Dysmyelination by Oligodendrocyte‐Specific Ablation of Ninj2 Contributes to Depressive‐Like Behaviors

Abstract

Depression is a mental disorder affecting more than 300 million people in the world. Abnormalities in white matter are associated with the development of depression. Here, the authors show that mice with oligodendrocyte‐specific deletion of Nerve injury‐induced protein 2 （Ninj2) exhibit depressive‐like behaviors.

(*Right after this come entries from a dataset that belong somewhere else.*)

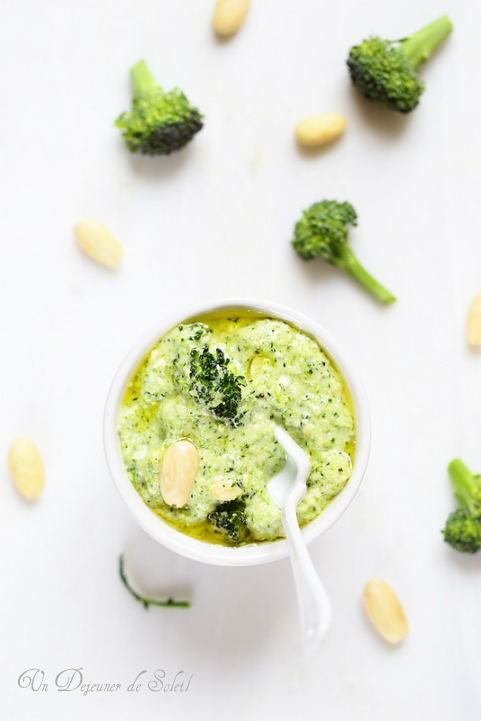 pesto brocoli amandes feta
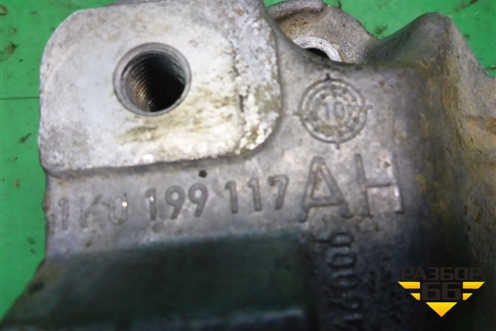 Кронштейн КПП левый (МКПП) (1K0199117AH) для Volkswagen Jetta с 2010-2019г (Джетта)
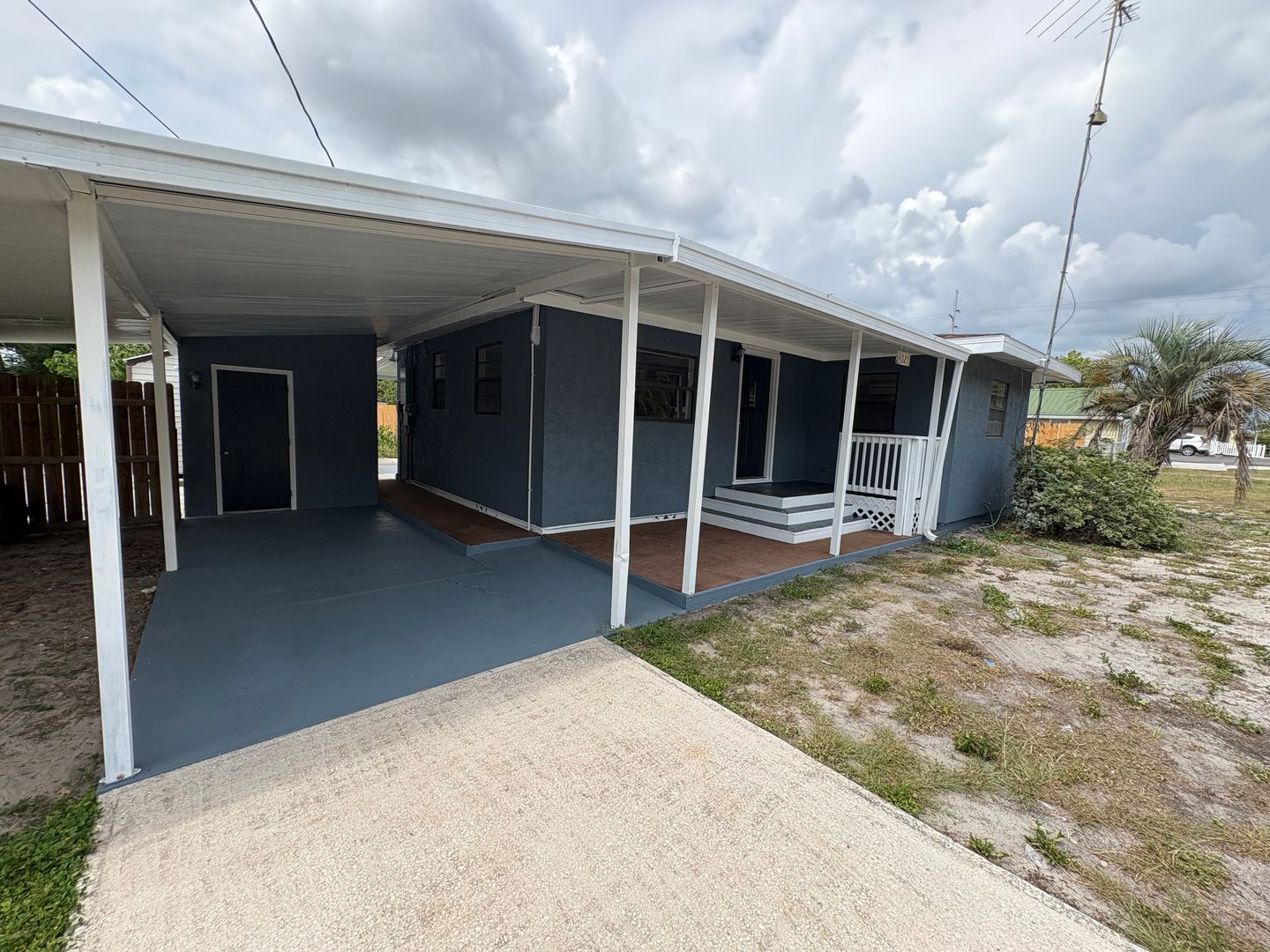 Mount Dora House: 4021 Lake Saunders
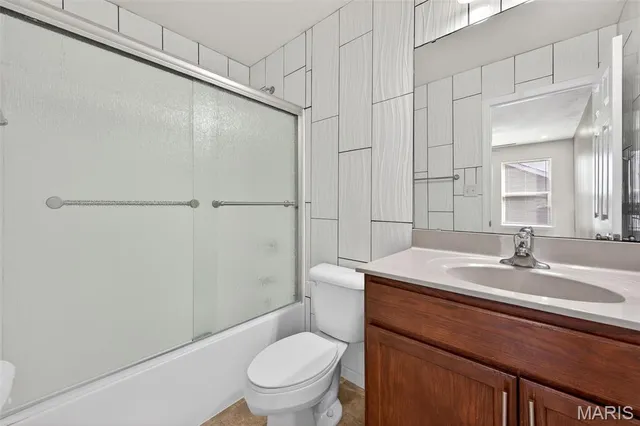 $2,650 | 3501 Charlestowne Crossing Drive, St. Charles, MO 63301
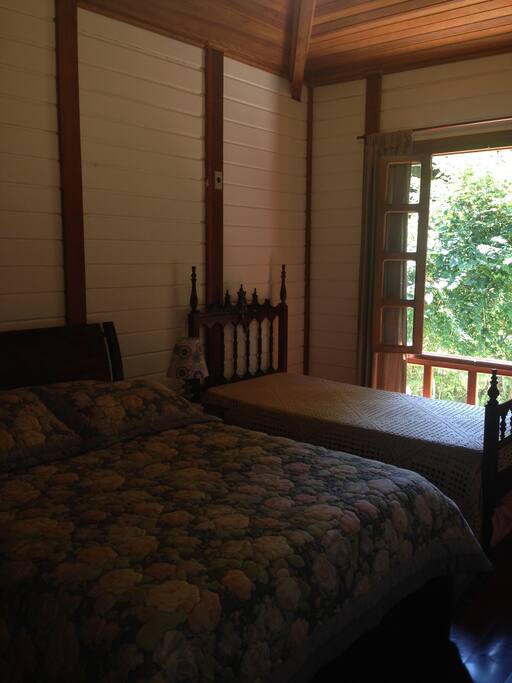 Quarto com cama de casal e de solteiro.
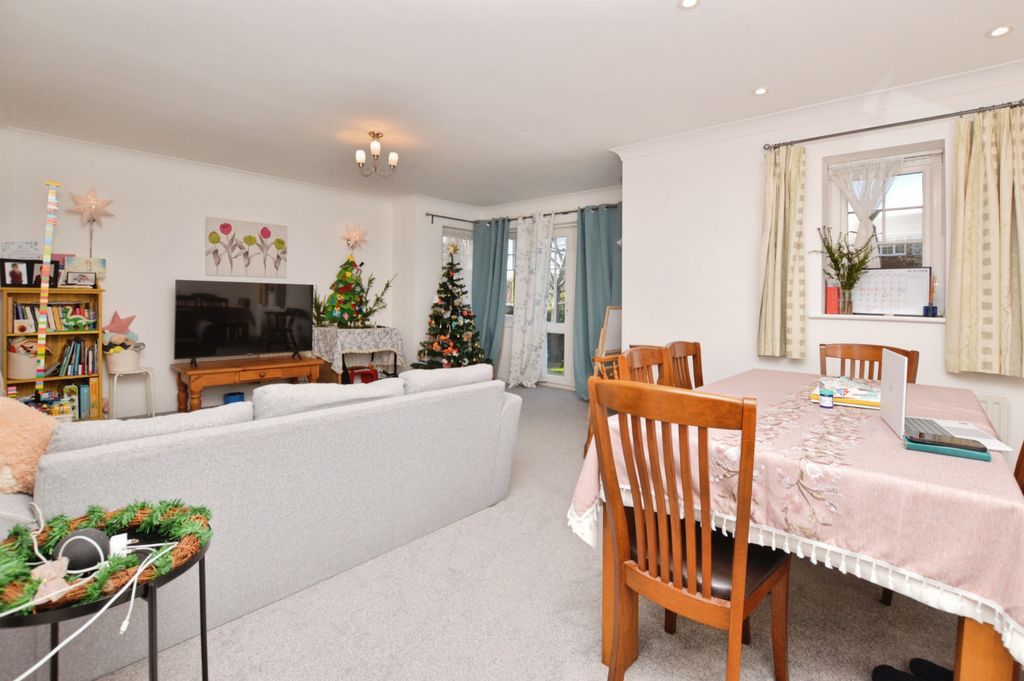 Property photo 3 of 10 Eceb376A-Lounge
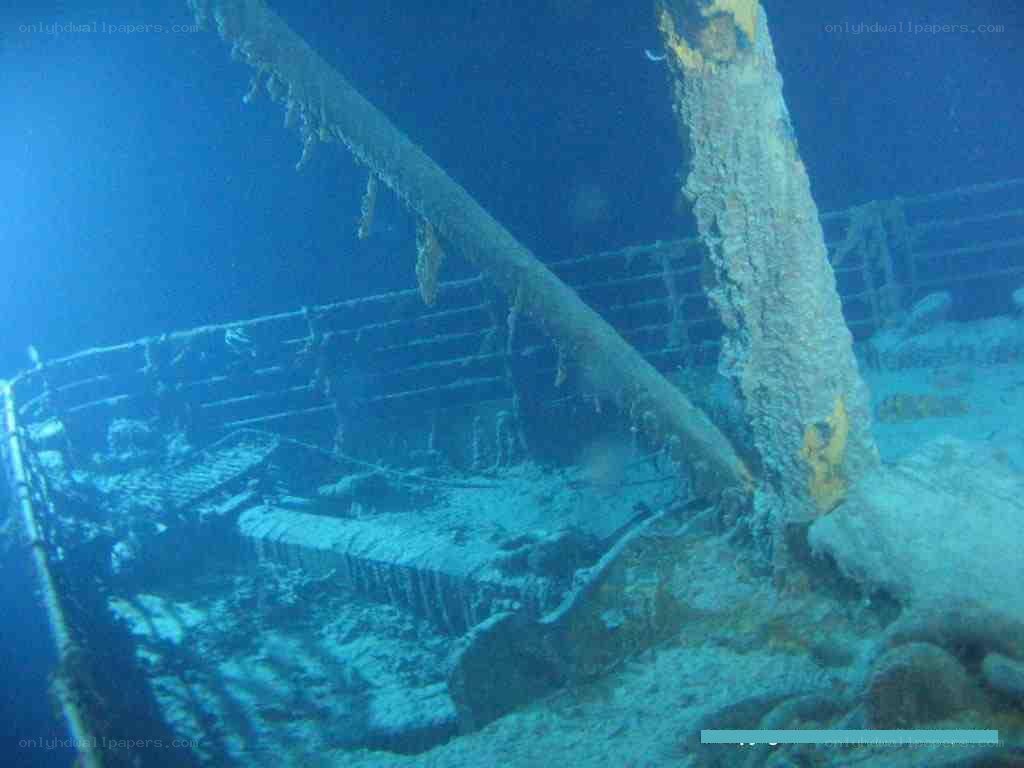Titanic wreck underwater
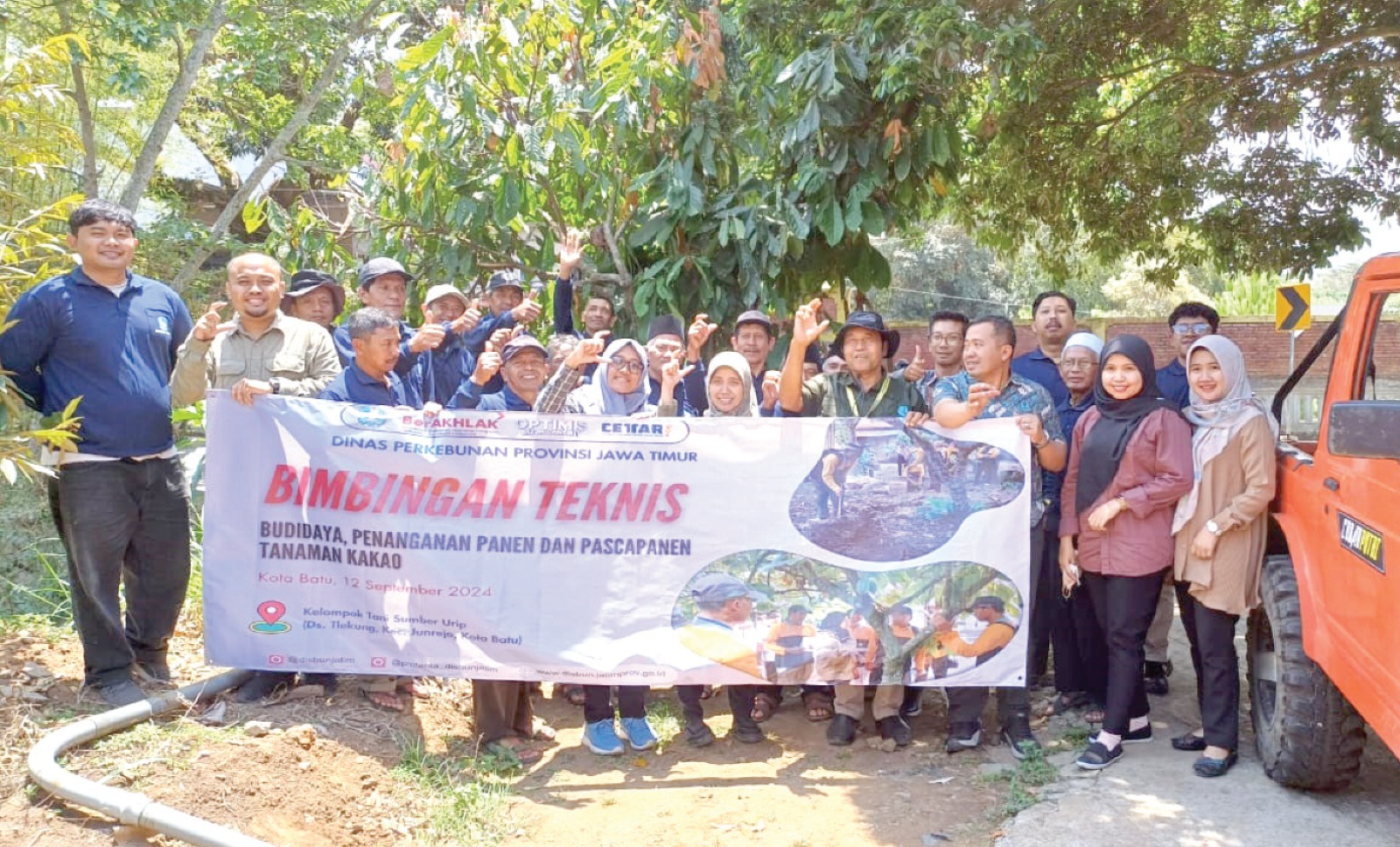 SEMANGAT: Kelompok Tani Sumber Urip Desa Tlekung, Junrejo antusias mengikuti pelatihan budidaya kakao di Kota Batu beberapa waktu lalu. (SUWANDI FOR RADAR BATU)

Loss of Ninj2 in oligodendrocytes inhibits oligodendrocyte development and myelination, and impairs neuronal structure and activities. Ninj2 competitively inhibits TNFα/TNFR1 signaling pathway by directly binding to TNFR1 in oligodendrocytes. Loss of Ninj2 activates TNFα‐induced necroptosis, and increases C‐C Motif Chemokine Ligand 2 (Ccl2) production, which might mediate the signal transduction from oligodendrocyte to neurons. Inhibition of necroptosis by Nec‐1s administration synchronously restores oligodendrocyte development, improves neuronal excitability, and alleviates depressive‐like behaviors. This study thus illustrates the role of Ninj2 in the development of depression and myelination, reveals the relationship between oligodendrocytes and neurons, and provides a potential therapeutic target for depression.